Aim of the task:
Leave every picture out, and give again exactly the lines from the one containing "Miniature Pinscher upcoming litter" through the end of the listing.
Extracted entries Block Start
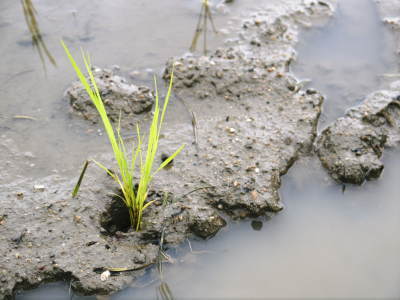 砂田のこだわりれんげ米　田植えの様子(2022)　変わらぬ土つくり！れんげを有機肥料にした田んぼです_a0254656_17522711.jpg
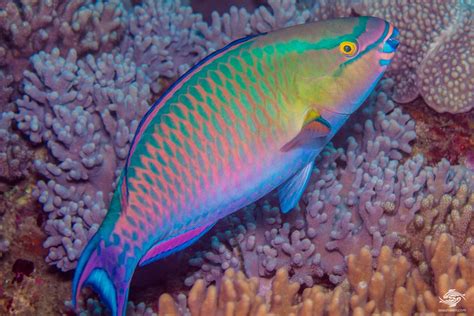 Tricolor Parrotfish Facts and Photographs | Parrotfish Habitat | Seaunseen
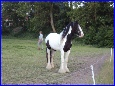 nieuwe stal 2011 090.JPG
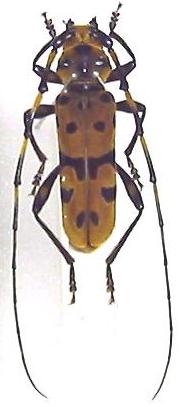 Eurybatus (Eurybatodes) bouvieri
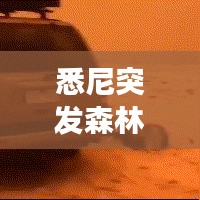 张灯结彩
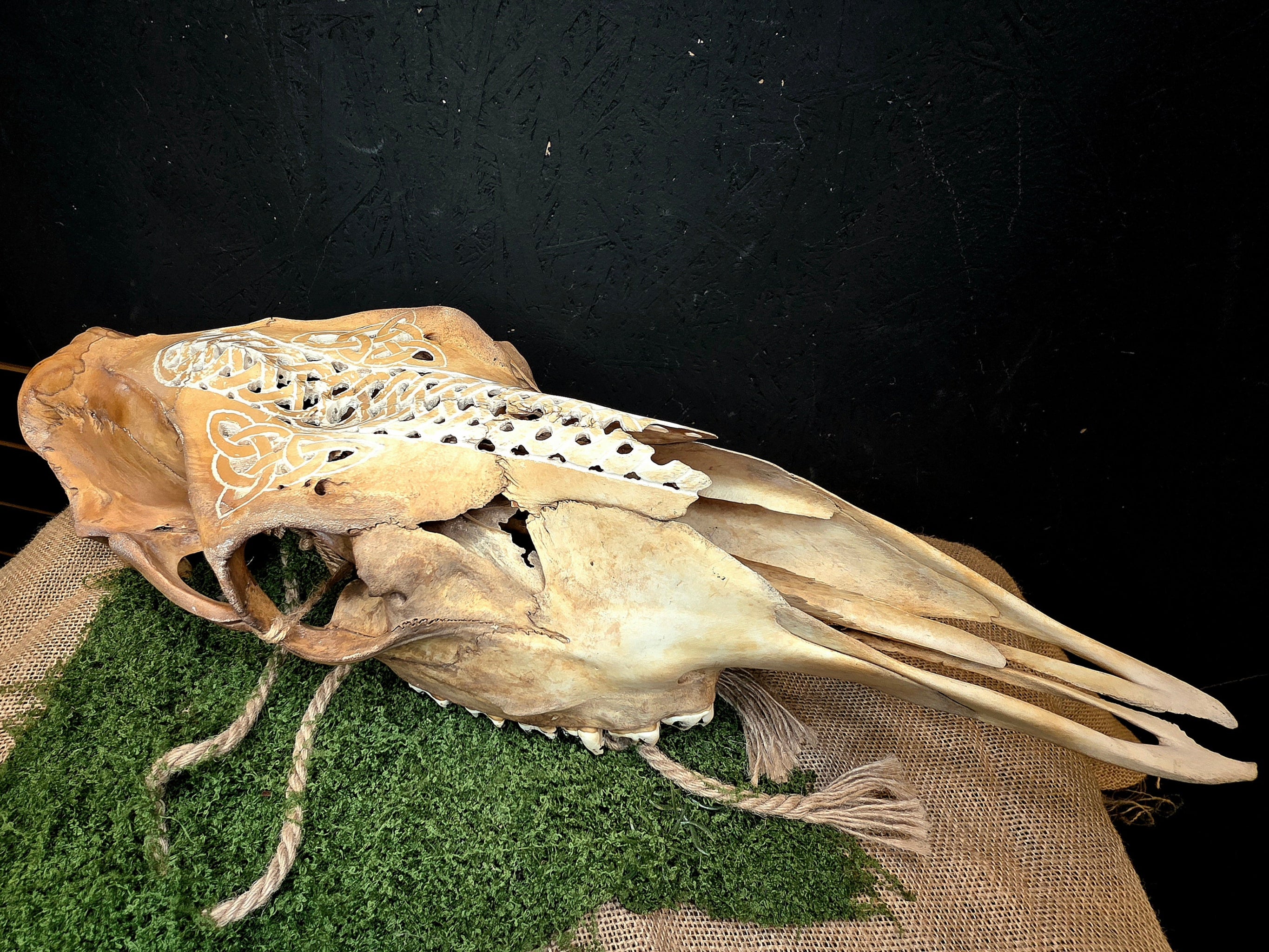 Kaiverrettu hirven kallo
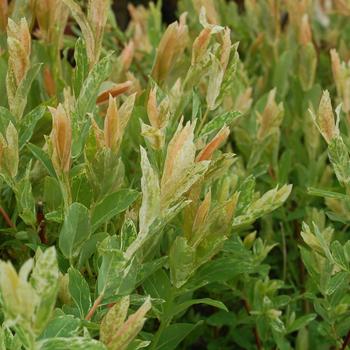 Salix integra - 'Hakuro-Nishiki' Dappled Willow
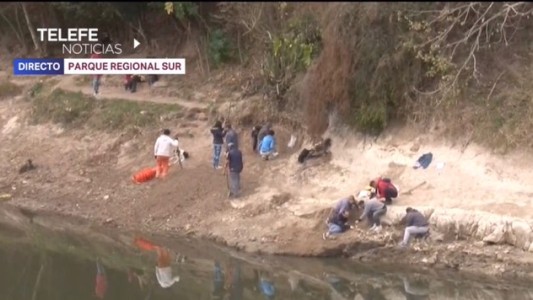 Roban restos fósiles del "mastodonte del Saladillo"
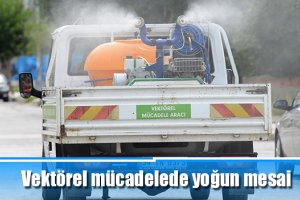Vektörel mücadelede yoğun mesai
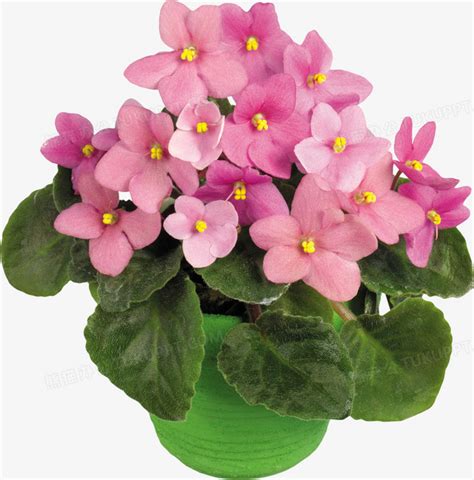 盆花大全图片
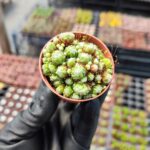 Sempervivum araknoideum var. briyoitler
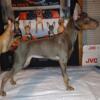 Miniature Pinscher upcoming litter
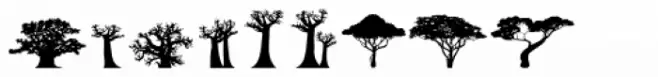 Trees Of Africa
Extracted entries Block End
Task response:
 Miniature Pinscher upcoming litter
 Trees Of Africa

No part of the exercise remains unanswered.